Footnote 2 which holds for all sequences \(a=a_L\) and \(b=b_L\) such that \(a^2 ,b^2 \ll L\). Recall also that \(\Gamma (d)= \frac{1}{d}\big (1 +o(1)\big )\) as \(d\rightarrow 0\).

3.1 Equivalence of Ensembles and Condensation

We assume \(d>0\) constant or \(d_L \rightarrow d>0\). In this case (21) implies that there exist grand-canonical distributions for any density \(\rho \ge 0\), by choosing

$$\begin{aligned} \phi =\Phi (\rho ){:}{=}\frac{\rho }{d+\rho }\in [0,1) \end{aligned}$$

such that \(R(\phi )=\rho \). In this case the equivalence of ensembles can be established most naturally in terms of the specific relative entropy between canonical and grand-canonical distributions (see e.g. [2, 9])

$$\begin{aligned} \frac{1}{L}H(\pi _{L,N} ,\nu _\phi ^L )&=\frac{1}{L}\sum _{\eta \in E_{L,N}} \pi _{L,N} [\eta ]\log \frac{\pi _{L,N} [\eta ]}{\nu _\phi ^L [\eta ]}\nonumber \\&=\log z(\phi )-\frac{N}{L}\log \phi -\frac{1}{L}\log Z_{L,N}\ . \end{aligned}$$

Computing the leading order terms of \(Z_{L,N}\) from (22) with standard Stirling formula we get

$$\begin{aligned} \frac{1}{L}\log Z_{L,N} \rightarrow \rho \log \Big (1+\frac{d}{\rho }\Big ) +d\log \rho , \end{aligned}$$

so choosing \(\phi =\phi (\rho )\) as in (24) we see that (25) vanishes in the thermodynamic limit since \(\log z(\phi )=-d\log (1-\phi )\). Convergence in specific relative entropy implies convergence of finite marginals [2], i.e. for any fixed \(k>0\) and \(n_1 ,\ldots ,n_k \ge 0\)

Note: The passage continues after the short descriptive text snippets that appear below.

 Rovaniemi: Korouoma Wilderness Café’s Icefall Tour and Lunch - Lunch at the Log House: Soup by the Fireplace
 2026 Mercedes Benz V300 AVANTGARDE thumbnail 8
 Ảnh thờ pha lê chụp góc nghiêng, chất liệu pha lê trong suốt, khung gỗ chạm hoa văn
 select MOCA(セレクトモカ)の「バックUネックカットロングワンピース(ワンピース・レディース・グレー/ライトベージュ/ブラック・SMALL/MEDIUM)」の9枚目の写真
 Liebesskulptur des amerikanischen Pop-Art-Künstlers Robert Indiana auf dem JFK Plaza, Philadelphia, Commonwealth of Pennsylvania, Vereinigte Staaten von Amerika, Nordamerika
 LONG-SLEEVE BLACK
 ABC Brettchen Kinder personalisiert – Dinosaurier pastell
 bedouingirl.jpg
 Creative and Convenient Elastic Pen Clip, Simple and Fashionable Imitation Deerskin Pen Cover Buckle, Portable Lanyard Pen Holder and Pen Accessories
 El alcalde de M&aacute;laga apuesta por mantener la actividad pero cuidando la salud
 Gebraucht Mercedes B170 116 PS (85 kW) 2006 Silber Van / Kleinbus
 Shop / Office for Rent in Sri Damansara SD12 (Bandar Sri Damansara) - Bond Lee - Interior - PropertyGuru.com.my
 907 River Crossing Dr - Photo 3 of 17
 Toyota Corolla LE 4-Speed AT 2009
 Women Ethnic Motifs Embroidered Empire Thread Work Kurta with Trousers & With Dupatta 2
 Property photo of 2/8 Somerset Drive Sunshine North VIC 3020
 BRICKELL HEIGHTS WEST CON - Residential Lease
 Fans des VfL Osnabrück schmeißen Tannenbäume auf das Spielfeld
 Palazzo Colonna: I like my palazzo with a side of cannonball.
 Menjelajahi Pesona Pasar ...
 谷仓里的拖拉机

$$\begin{aligned} \pi _{L,N} \big [ \eta _1 =n_1 ,\ldots ,\eta _k =n_k\big ]\rightarrow \frac{1}{z(\phi )^k}\prod _{i=1}^k w( n_i ) \phi (\rho )^{n_i}\quad \text{ as } N/L\rightarrow \rho . \end{aligned}$$

The latter limit could also be computed directly in analogy to other results below, but the route via the equivalence of ensembles is more robust since only the logarithm of the partition function has to be controlled to leading order.

An alternative representation of the specific relative entropy is given by (see e.g. [9])

$$\begin{aligned} \frac{1}{L}H(\pi _{L,N} ,\nu _\phi ^L )&=-\frac{1}{L}\log \nu _{\phi }^L\Big [\sum _{x \in \Lambda }\eta _x = N\Big ]. \end{aligned}$$

Since the second moment of the single-site marginal \(\nu _\phi \) is finite when \(\phi (\rho )=\rho /(\rho +d)<1\), one can show that this vanishes in the thermodynamic limit even without computing the asymptotics of \(Z_{L,N}\), by applying a local central limit theorem to the right hand side (see for example [59, 60]).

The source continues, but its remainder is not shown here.